= Deb Webber =

Debra "Deb" Webber is an Australian psychic medium.

== Works ==

Webber has worked extensively as a psychic medium throughout Australia and New Zealand. She has her own company named Seeds of Energy Pty Ltd, which was started in 2003. She is known for appearing on New Zealand television series Sensing Murder. On the show, she works as a psychic detective to help find evidence relating to unsolved murder cases. Webber also writes a regular column, titled Life After Deb, in Australian magazine Woman's Day.

== Controversy ==

Critics have pointed out her show uses cold reading and other techniques used by entertainers like Derren Brown.

=== Caught on Hidden Camera ===
On 13 August 2004 Australian Channel 7 broadcast a show called "Caught on Hidden Camera", in which they asked Webber to give readings to three people. The three asked to contact deceased relatives that did not exist. Webber claimed she was able to 'contact' these people. This was later screened in New Zealand on the show Eating Media Lunch as "Sensing Bullshit".

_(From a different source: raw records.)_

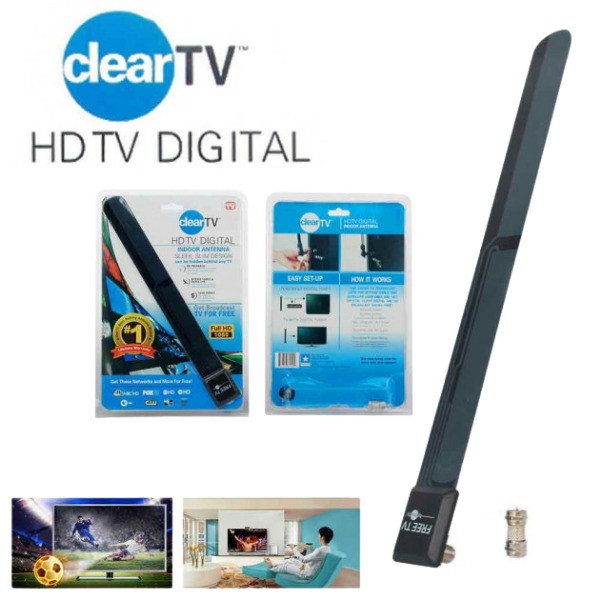 Телевизионная цифровая комнатная антенна Clear TV-Key для домашнего телевидения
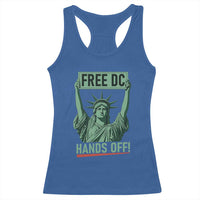 Free DC Hands Off Racerback Tank Top Statue of Liberty for Washington D.C. Rights - Wonder Print Shop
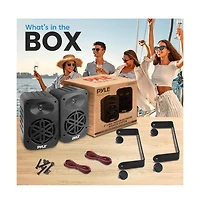 Pyle 5.25” 2-Way Indoor/Outdoor Speaker System - 1/2” High Compliance Polymer Tweeter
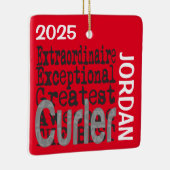 Curler Extraordinaire Keramisch Ornament (Rechts)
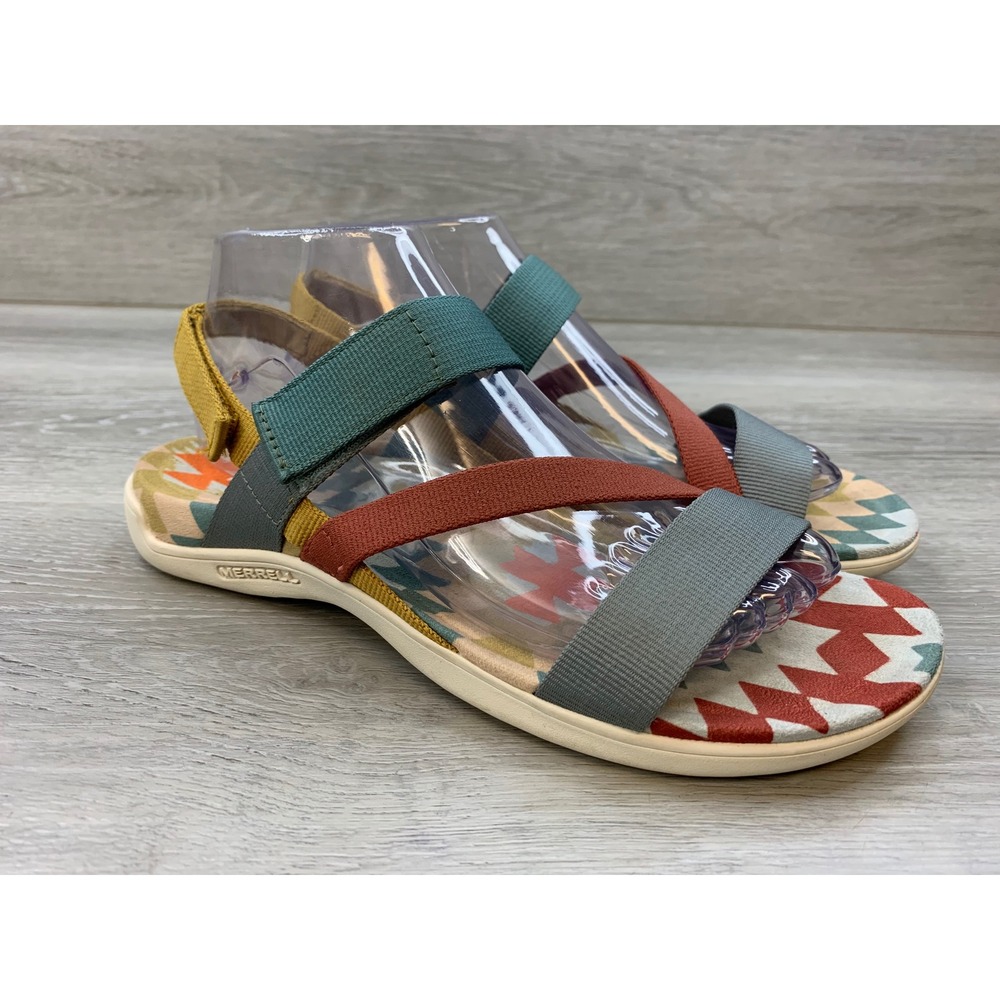 Merrell District Mendi Trail Sandals Women's 8 Multi Color Comfort Shoes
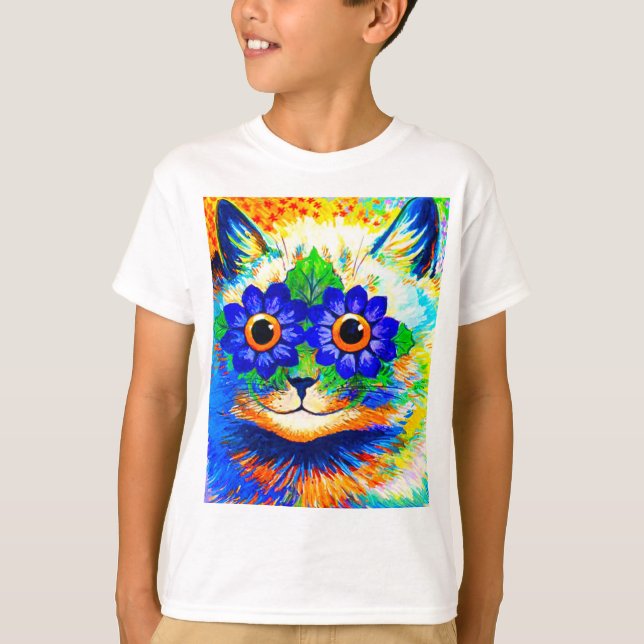 Camiseta Ojos de flor de gato (Anverso)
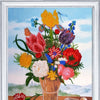 DIY Bead Embroidery Kit "Bouquet on the Balcony (after A. Boesshaert)" 13.4"x10.6" / 34.0x27.0 cm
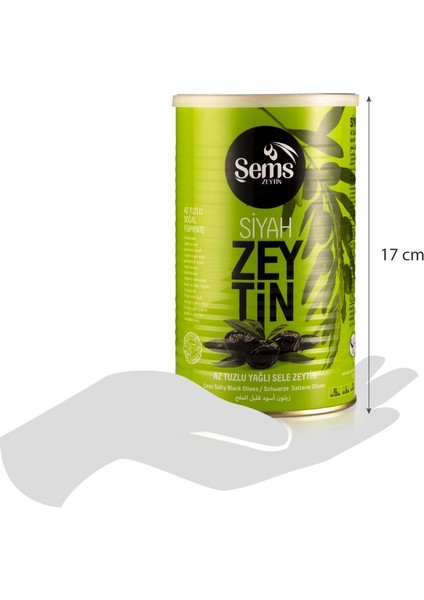 Şems Siyah Zeytin 351-380 Kalibre 900 gr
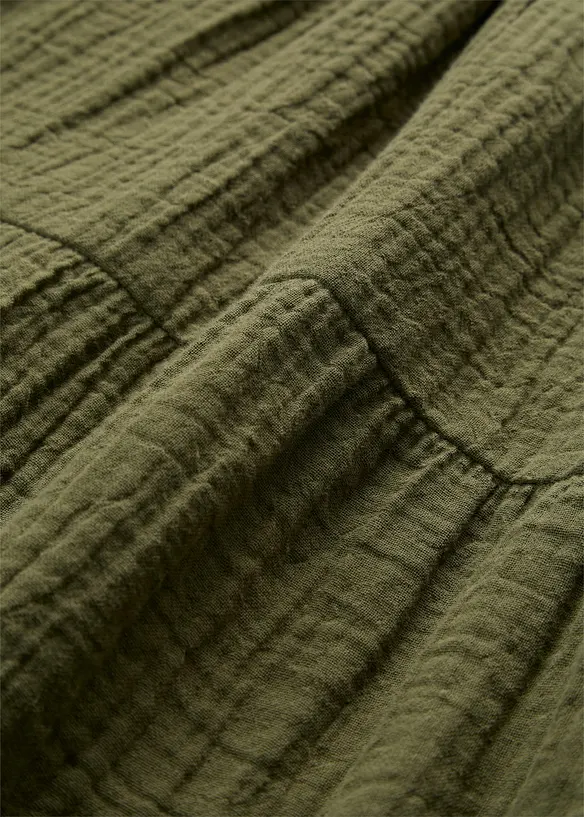 Musselin-kjole i 100% bomull, bonprix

=== TVNZ psychic disagreement ===

"I was walking past the television and [Aisling] popped up, and I went 'oh, she's in a ditch, hole, in West Auckland. That's what I got, instantly".
— Deb Webber to Paul Henry on Breakfast

Webber was involved in controversy regarding a high-profile missing child case in New Zealand in October 2009. The family of missing child Aisling Symes were introduced to Sensing Murder medium Webber by state broadcaster Television New Zealand (TVNZ), a move which was criticised in the media due to Aisling only having disappeared two days previously.
One policeman said when questioned if the New Zealand police would use comments made by Webber on television show Breakfast: "I'm totally aghast - it seems like a totally commercial play". TVNZ responded with the following statement: "We're not trying to push a psychic message to make money and get ratings". Hundreds of e-mails were sent to the station.